▶ **TO DO**
Which of the lines below contain the string "Blue"? Copy each one.

▶ **SOURCE INFORMATION**

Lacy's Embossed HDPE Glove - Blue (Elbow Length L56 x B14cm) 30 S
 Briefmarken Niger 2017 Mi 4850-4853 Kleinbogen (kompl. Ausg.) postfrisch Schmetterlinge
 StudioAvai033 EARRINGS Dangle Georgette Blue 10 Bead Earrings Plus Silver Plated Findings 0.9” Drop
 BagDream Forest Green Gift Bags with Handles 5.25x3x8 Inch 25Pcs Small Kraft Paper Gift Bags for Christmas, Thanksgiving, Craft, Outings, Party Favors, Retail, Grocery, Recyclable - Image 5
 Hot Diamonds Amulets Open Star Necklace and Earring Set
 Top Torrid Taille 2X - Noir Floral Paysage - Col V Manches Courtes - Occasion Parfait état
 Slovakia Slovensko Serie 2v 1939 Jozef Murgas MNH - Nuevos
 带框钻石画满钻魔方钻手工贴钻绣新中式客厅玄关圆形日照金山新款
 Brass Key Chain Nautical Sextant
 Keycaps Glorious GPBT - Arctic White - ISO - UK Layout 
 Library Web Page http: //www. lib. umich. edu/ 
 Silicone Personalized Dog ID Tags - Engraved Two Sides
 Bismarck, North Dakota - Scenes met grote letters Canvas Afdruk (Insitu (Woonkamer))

▶ **RESPONSE**
Lacy's Embossed HDPE Glove - Blue (Elbow Length L56 x B14cm) 30 S
 StudioAvai033 EARRINGS Dangle Georgette Blue 10 Bead Earrings Plus Silver Plated Findings 0.9” Drop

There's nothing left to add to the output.